In an article in Esolibris on the Fourth Mindfulness Training or Precept of Buddhism, that of Deep Listening and Loving Speech, Vietnamese teacher Thich Nhat Hahn offers this declaration, “Aware of the suffering caused by unmindful speech and the inability to listen to others, I vow to cultivate loving speech and deep listening in order to bring joy and happiness to others and relieve others of their suffering. Knowing that words can create happiness or suffering, I vow to learn to speak truthfully, with words that inspire self-confidence, joy, and hope. I am determined not to spread news that I do not know to be certain and not to criticize or condemn things of which I am not sure. I will refrain from uttering words that can cause division or discord, or that can cause the family or the community to break. I will make all efforts to reconcile and resolve all conflicts, however small.”

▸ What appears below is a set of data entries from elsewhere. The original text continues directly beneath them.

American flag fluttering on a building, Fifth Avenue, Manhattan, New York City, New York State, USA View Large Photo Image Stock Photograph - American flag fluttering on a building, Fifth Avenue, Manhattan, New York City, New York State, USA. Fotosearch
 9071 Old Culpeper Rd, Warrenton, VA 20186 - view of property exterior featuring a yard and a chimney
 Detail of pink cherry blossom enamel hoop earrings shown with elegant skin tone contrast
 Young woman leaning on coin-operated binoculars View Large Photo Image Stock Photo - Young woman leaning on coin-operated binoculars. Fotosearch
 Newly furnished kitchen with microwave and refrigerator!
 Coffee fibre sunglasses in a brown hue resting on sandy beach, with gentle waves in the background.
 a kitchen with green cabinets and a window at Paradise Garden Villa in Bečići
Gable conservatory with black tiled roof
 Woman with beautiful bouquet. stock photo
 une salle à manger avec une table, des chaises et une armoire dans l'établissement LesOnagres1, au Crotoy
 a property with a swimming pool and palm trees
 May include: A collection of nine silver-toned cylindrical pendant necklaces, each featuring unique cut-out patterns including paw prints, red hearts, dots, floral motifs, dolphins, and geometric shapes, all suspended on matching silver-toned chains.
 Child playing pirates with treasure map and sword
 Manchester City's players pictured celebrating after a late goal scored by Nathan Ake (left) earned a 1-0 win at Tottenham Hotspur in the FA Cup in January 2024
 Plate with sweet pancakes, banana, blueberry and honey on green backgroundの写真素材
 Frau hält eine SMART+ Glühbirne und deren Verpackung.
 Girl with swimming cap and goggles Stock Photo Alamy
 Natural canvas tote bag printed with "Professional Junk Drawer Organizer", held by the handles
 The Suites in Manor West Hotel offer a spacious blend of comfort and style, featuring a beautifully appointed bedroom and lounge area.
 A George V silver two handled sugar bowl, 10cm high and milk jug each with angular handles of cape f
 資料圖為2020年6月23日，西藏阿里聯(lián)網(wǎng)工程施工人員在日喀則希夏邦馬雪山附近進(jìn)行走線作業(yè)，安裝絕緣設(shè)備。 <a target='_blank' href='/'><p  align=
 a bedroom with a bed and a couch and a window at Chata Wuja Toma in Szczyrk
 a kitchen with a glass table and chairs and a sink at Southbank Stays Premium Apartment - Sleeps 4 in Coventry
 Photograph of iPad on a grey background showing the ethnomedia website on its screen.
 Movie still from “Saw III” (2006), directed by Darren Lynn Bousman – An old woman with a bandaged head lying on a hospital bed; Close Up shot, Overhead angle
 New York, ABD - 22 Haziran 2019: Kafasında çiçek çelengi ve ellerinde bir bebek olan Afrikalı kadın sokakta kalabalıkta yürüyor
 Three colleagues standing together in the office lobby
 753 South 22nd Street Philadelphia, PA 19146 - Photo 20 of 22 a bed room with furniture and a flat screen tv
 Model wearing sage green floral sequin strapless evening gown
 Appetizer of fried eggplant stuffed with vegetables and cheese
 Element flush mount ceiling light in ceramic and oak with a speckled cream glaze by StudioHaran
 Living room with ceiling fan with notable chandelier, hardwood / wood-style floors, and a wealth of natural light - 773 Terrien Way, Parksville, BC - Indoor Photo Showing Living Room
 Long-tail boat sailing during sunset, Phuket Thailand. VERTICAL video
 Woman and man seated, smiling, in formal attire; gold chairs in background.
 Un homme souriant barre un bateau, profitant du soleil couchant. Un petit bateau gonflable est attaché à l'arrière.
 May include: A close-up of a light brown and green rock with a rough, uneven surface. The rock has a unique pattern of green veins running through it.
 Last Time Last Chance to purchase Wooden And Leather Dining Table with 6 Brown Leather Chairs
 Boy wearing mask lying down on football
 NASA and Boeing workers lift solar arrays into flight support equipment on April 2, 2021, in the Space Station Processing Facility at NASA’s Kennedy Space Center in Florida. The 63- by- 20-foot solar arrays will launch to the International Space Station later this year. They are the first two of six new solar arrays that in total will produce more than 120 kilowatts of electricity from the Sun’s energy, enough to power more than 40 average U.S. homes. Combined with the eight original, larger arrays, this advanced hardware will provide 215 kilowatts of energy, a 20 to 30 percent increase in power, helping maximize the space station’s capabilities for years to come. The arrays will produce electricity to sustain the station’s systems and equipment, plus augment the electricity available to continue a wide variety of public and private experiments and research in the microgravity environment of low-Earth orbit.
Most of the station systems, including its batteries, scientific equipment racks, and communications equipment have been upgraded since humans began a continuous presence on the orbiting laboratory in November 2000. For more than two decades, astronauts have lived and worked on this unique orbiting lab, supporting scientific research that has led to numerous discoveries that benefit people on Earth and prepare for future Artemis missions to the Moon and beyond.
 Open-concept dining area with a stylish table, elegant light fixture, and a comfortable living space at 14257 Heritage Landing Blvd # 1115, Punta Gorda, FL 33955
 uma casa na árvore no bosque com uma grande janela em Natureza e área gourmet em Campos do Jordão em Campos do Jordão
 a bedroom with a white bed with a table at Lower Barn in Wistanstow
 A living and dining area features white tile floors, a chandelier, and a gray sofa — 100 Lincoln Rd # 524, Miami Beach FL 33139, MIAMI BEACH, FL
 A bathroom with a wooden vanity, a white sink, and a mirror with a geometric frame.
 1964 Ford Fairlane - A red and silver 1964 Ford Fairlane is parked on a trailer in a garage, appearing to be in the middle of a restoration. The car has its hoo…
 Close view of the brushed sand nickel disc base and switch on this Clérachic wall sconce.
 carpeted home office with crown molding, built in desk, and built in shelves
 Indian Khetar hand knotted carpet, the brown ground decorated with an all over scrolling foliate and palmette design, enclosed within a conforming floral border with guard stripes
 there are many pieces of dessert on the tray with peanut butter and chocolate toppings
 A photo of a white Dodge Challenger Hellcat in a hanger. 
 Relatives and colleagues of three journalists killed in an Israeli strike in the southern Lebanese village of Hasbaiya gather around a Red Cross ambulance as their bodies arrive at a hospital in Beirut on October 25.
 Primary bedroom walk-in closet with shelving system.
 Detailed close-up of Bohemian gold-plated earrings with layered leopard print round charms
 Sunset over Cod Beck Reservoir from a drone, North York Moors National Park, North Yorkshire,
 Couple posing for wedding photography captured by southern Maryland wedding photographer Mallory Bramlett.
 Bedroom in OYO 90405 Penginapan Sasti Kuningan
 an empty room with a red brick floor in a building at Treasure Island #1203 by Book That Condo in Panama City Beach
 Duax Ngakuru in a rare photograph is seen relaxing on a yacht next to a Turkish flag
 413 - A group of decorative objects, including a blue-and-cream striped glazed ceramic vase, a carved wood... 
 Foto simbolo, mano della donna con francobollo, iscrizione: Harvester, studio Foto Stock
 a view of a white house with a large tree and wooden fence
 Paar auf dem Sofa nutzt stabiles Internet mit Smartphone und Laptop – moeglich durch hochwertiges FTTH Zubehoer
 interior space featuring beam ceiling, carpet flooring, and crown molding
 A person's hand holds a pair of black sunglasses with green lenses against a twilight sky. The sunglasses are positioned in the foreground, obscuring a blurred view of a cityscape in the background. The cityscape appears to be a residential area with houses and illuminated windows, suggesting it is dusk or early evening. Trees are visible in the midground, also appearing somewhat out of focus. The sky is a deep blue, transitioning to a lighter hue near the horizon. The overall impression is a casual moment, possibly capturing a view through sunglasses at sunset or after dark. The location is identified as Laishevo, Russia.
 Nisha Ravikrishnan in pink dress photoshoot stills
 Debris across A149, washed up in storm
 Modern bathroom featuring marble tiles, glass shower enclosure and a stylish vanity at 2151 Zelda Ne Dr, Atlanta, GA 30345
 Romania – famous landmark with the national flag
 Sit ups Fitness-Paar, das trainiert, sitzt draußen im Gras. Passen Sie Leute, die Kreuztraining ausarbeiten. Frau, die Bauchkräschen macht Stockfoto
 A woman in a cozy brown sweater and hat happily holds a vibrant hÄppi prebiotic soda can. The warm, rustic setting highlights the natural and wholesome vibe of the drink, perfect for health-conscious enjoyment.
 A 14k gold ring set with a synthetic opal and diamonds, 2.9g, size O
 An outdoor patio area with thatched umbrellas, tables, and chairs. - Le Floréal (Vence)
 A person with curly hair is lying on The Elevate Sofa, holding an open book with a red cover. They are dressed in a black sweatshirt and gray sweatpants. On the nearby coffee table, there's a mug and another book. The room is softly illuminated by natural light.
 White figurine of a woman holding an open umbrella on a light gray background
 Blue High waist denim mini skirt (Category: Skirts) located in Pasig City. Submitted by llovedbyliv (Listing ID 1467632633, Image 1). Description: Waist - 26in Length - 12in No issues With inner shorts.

We would do so much better on this earth, practicing deep listening and loving speech - from our personal partnerships and friendships, to our working and community relationships. It is opening up to a larger, more creative world where compassion and collaboration rule the day, and the solutions we find among ourselves are so much more expansive than what we could find on our own.
Each of us only holds a tiny shard of truth. But when we put them together, the picture is more whole, more complete. It is full of more color and diversity. It reflects back to us not only our vision, but that of everyone and everything around us – all together, all inclusive. We become so much more than just ourselves.
When we practice listening, possibilities open. By extension of the act, we better not only our own lives, but radiate this practice out into our community, and ultimately, the world.